BEGIN

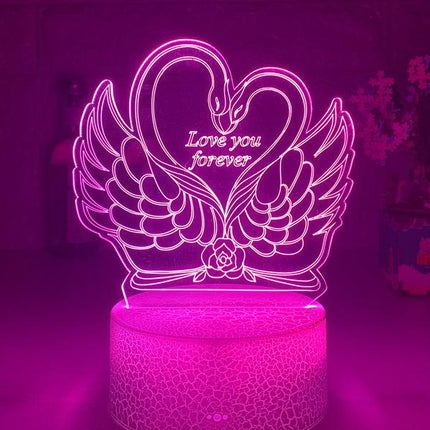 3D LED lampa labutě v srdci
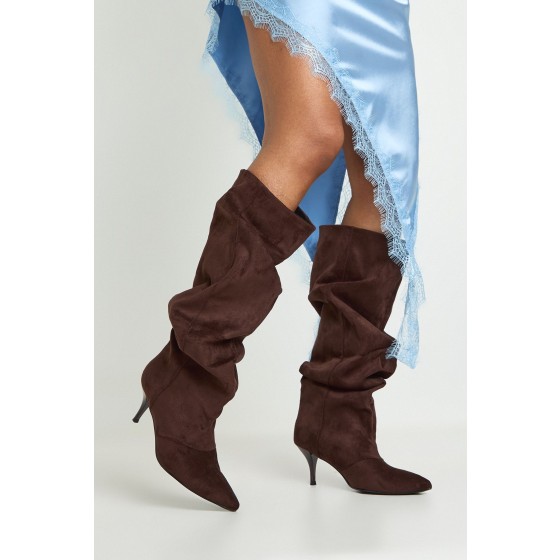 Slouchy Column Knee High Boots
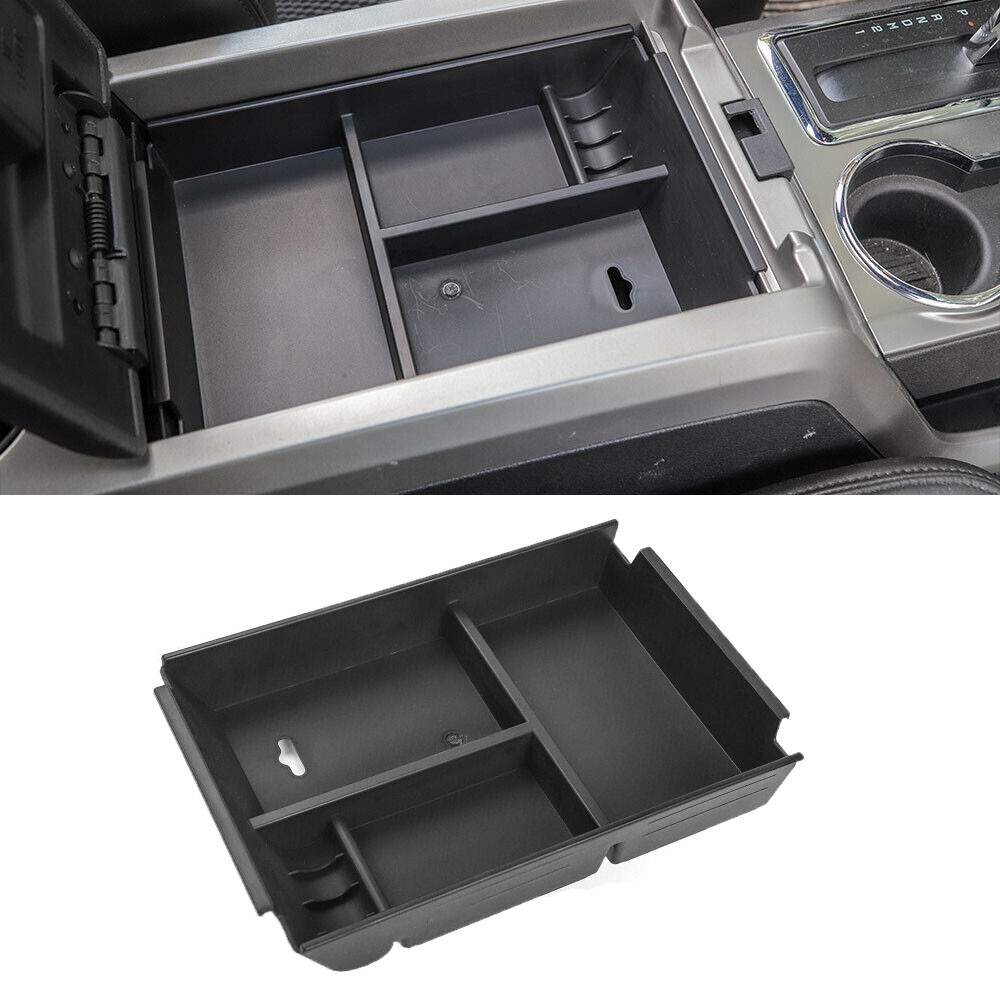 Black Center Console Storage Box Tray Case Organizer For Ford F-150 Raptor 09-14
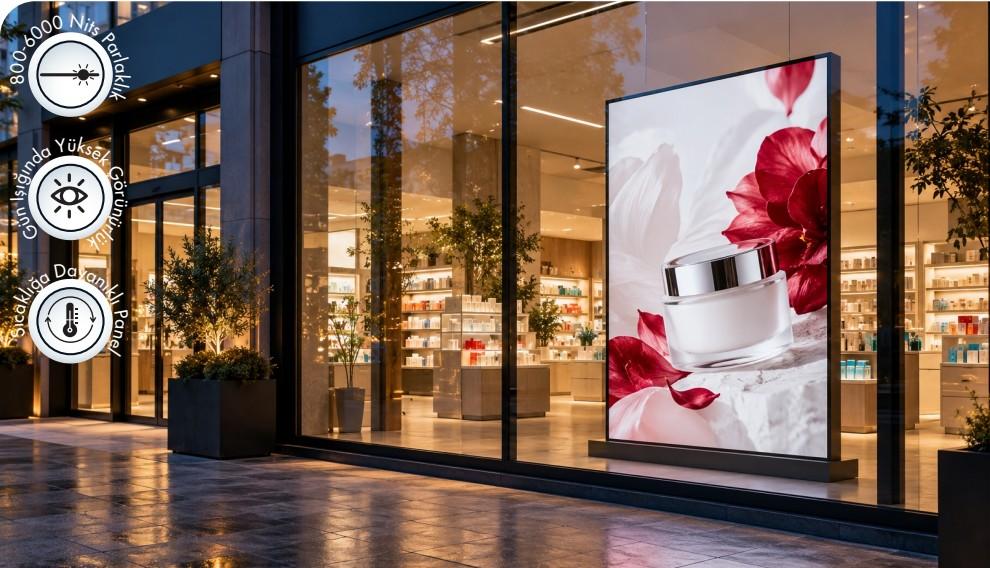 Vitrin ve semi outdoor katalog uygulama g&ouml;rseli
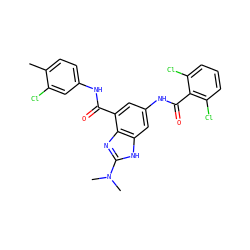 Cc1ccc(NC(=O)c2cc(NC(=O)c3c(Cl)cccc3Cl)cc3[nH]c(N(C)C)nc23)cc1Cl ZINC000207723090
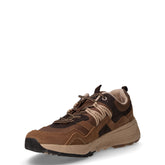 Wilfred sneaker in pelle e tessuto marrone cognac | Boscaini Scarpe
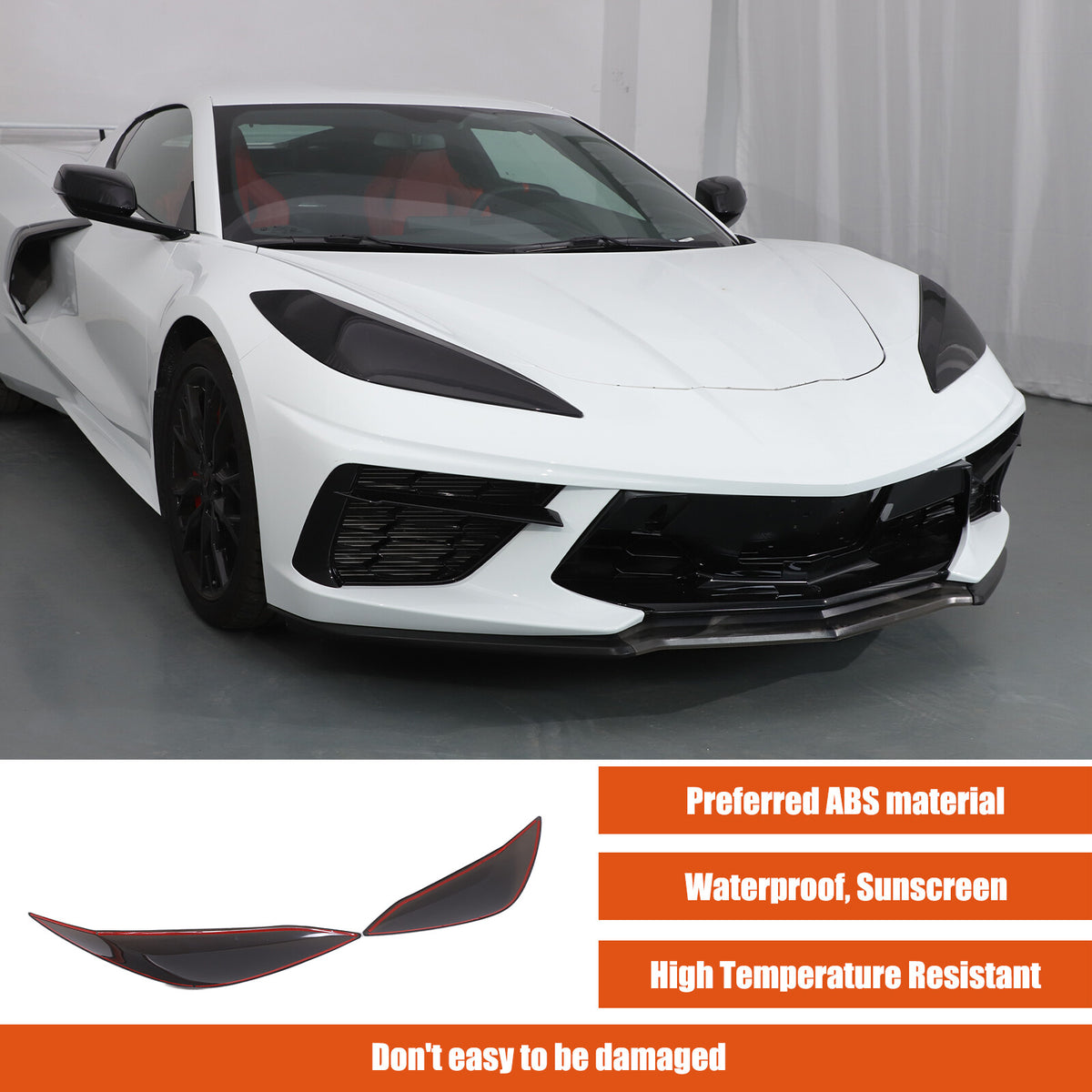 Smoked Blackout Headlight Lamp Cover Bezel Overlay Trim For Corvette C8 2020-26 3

END

▸ **Work to complete**:
For this exercise, retype the listing above word for word and omit the pictures.

▸ **Exercise answer**:
 3D LED lampa labutě v srdci
 Slouchy Column Knee High Boots
 Black Center Console Storage Box Tray Case Organizer For Ford F-150 Raptor 09-14
 Vitrin ve semi outdoor katalog uygulama g&ouml;rseli
 Cc1ccc(NC(=O)c2cc(NC(=O)c3c(Cl)cccc3Cl)cc3[nH]c(N(C)C)nc23)cc1Cl ZINC000207723090
 Wilfred sneaker in pelle e tessuto marrone cognac | Boscaini Scarpe
 Smoked Blackout Headlight Lamp Cover Bezel Overlay Trim For Corvette C8 2020-26 3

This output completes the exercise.